Türkiye’nin, 21. yüzyıla gelirken içinden geçtiği yüzyılların gereklerini yerine getirmemiş olması ve tabii yeni yüzyılın gerekleri büyük sorumluluklar yüklüyor sırtına.
Geleneksel ve tarihsel geçmişinin dayattıkları bir yana…
20. yüzyılın 25 yılını Türkiye sıkıyönetimle geçirmiş.
15 yılında olağanüstü hal uygulamış.
Toplam 40 yıl sıkıyönetim ve olağanüstü hal içinde yaşamış.
Üç kez askeri darbe görmüş.
Anayasasını dört kez kökten değiştirmiş.
29 kez isyanla karşılaşmış; çok sayıda insanını bu isyanlarda yitirmiş. Son olarak 30 bin insanını teröre kurban vermiş.
Ortalama 1.5 yıl sürmüş 78 hükumet görmüş.
( S.Demirel, Daha Güçlü Cumhuriyet İçin, Radikal gazetesi,30.10.2002)
Türkiye, kamu yaşamında erkeklerin önde bulunduğu, etkin olduğu bir ülke.
Kamu sağlığı ve Kamu harcamaları 173 ülke arasında 85.sırada…( Radikal, Avrupa Hareketi. 2002, ).
Yine, 173 ülke içinde Türkiye, ortalama yaşam süresi 69.8 yıl, yetişkinlerde okur-yazarlık oranı 85.1, satın alma gücü 6.974, eğitim kalitesi 0.77, ulusal gelir 0.71 düzeylerinde olan bir ülke (Radikal, 25.7.2002, Türkiye’nin kalitesi düştü)
Bir ucu yığınsal köylülükte, diğer ucu militer zihniyette bir tahterevalli olan Türkiye (M.Altan), böyle yapılanmayı bir türlü aşamadı. Ne bireyi öne çıkarabildi ne de güvenlik sendromundan kurtulabildi. Bireyi öne çıkaramayınca kamusallığın öne çıkması önlenemedi. Ekonomi, kültür, eğitim, siyaset hep bu formatın çeşitlendirilmesi ile yürütüldü ve öyle yürütülmeğe de devam ediliyor. Biraz dışına çıkılınca hemen güvenlikten söz ediliyor.
Herkesler de susuyor!…
Türkiye’de 1950’den 1990’a gelindiğinde, tarımla uğraşanların toprakları 100 dekardan 50 dekara indi ve toprak insanları artık sanki boğaz tokluğuna çalışır oldular!.. Ne yazik ki nüfusun % 44- 45 köyde oturmaya ve toprakla uğraşmaya devam ediyor.

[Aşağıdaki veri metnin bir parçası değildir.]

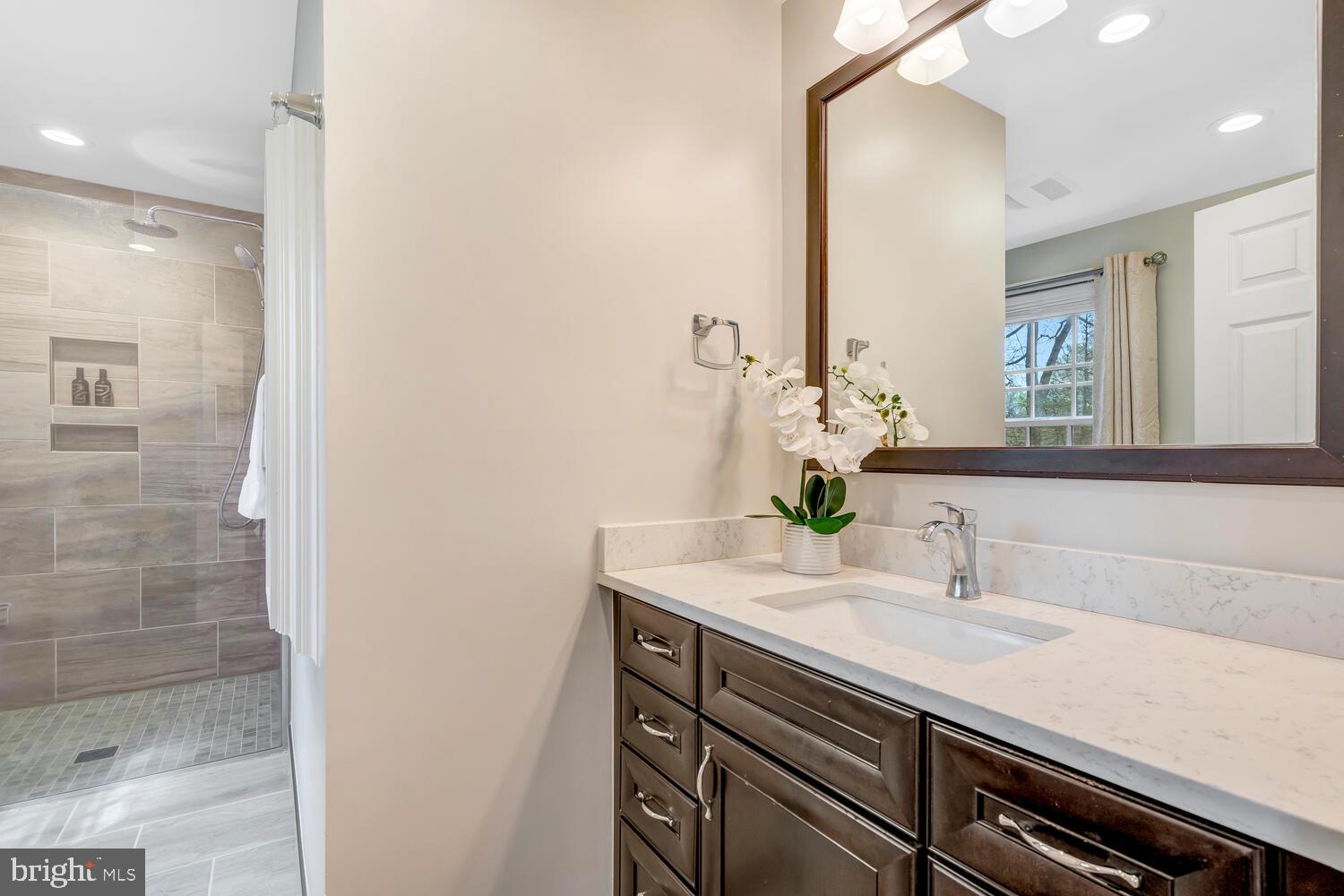 HIDDEN FOREST - Residential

Ve hala köykent pompalanıyor!…
Ulusal raporda AB ülkeleriyle aramızda 4 bin noktada geri kalmışlığımız sayılıyor.
Küreselleşme kimi direnmelere karşın bir yığıtaşı olarak ezip geçiyor!..

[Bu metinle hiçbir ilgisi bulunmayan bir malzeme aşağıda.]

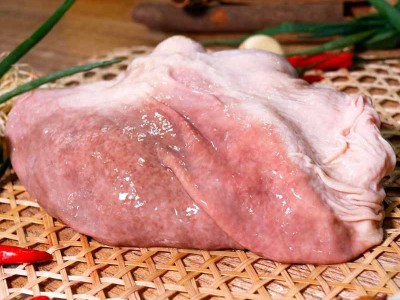 新鲜黑毛猪藏香猪现杀10斤起批黑猪肉过年送礼厂家直供特产批发图2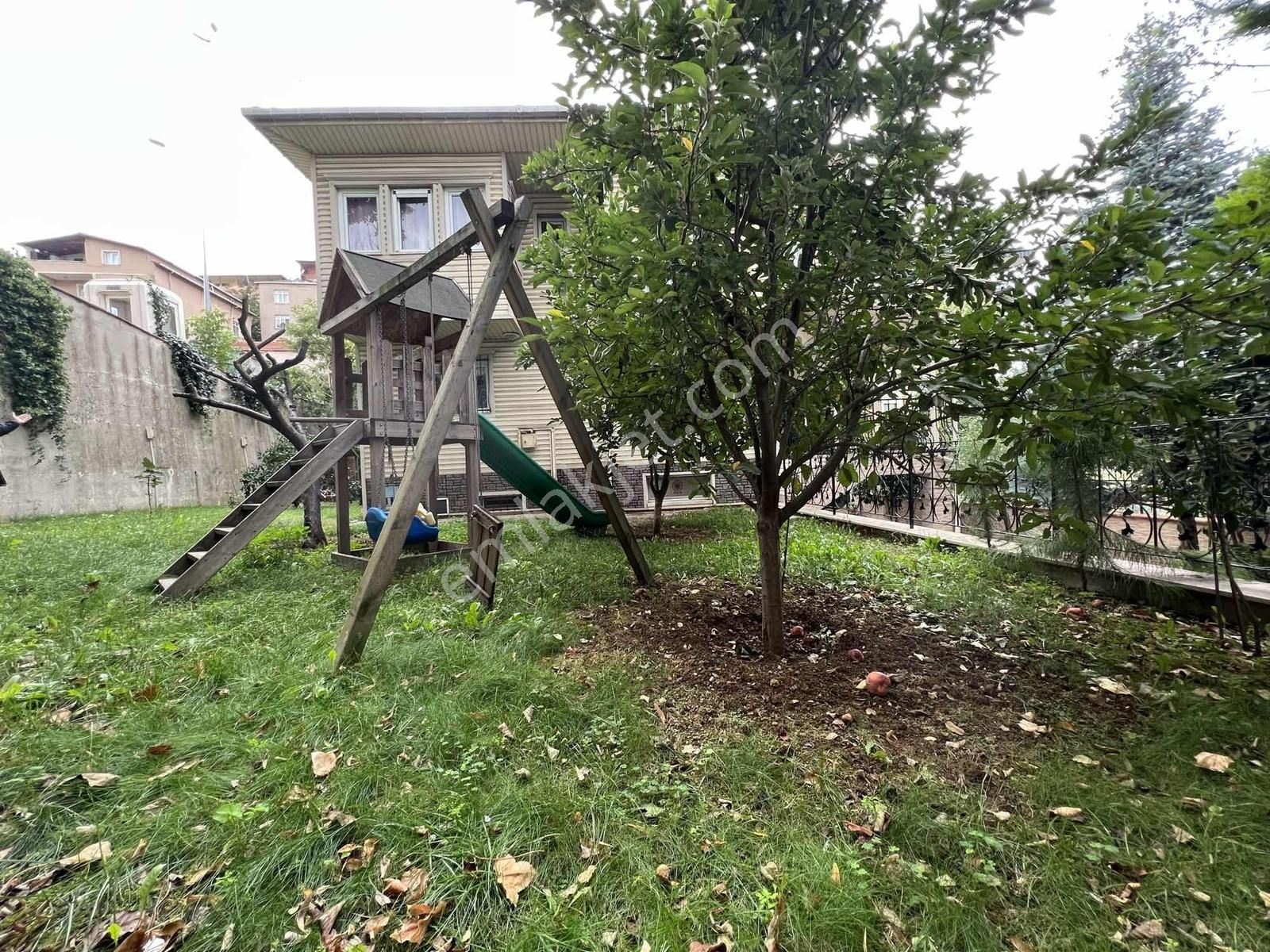 Çengelköy Ata-2 Sitesinde Bakımlı 350 M2 Triplex Tekli Villa - Görsel 21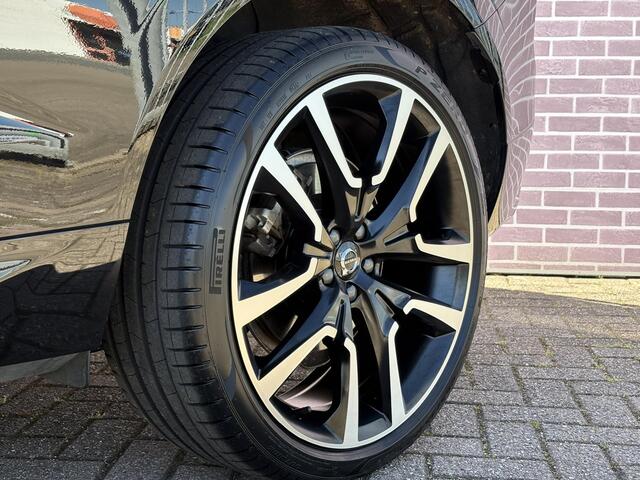 Volvo XC60 2.0 T6 Plug-in hybrid AWD Ultra Black Edition | SOH: 100% | 22"velgen | Trekhaak | Adaptieve Cruise Control | Panoramadak | Harman Kardon Audio | Parkeercamera | Stoel-/Stuurverwarming | Dodehoek Detectie |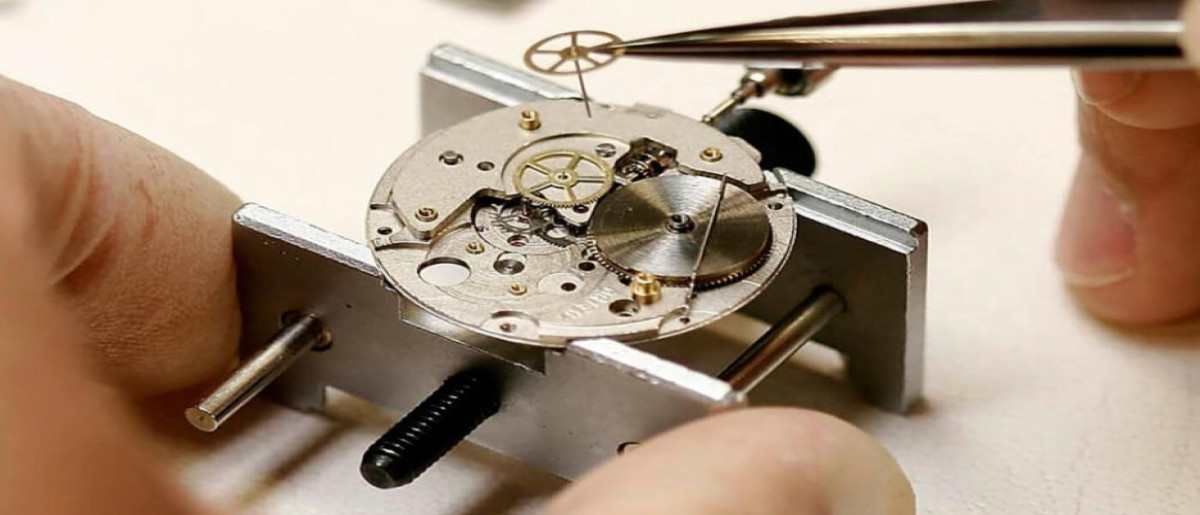 تعمیرات ساعت در استهبان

“Otorite kalecikleri”miz (Ali Bayramoğlu), küreselleşmeye karşı direnedursunlar, ekonomi ve kent kökenli bir milliyetçi dalga, bu hareketi destekler görünüyor. Küreselleşme ise, tüm hızı ve ağırlığı ile dayatıyor.
Siyaset, iç ve dış dinamikleri, çatıştırmadan işletebilmenin, kimi kez dar kimi kez de oldukça geniş bir alanı olarak duruyor orada… Modernitenin temel göstergelerinden yoksunluğumuzun sonucu olarak ortaya çıkan siyasetsizlik, aslında bürokrasinin bastırması ile de çok ilişkili… İç ve dış dinamikleri kullanarak oluşturulacak siyaset ortamı, bürokrasiyi yardımcı bir öğe olarak yedeğinde tutacakken onun dümen suyuna girmiş bulunuyor.
Bunları, postmodernizmin toplumu yoğun etki altına almış olmasıyla açıklamak mümkün görünmüyor. Postmodernist etkilerin olmadığı varsayıldığında, Türkiye toplumunun bugün ortaya koyduğu tablo gerçekleşmeyecek miydi? Hiç sanmıyorum!…
Seçim sürecinde bu konulardan birinin bile ele alındığına tanık olmadık. Bu konular, seçim sonuçlarıyla birlikte 21. yy’da Türkiye’nin yine gündeminde olacak. Türkiye o nedenle AB’ye girmek zorundadır işte. Dış dinamiğin etkinliği ile ancak demokrasiyi ve modernitenin eksikliklerini giderebileceğini düşünmek zorundadır.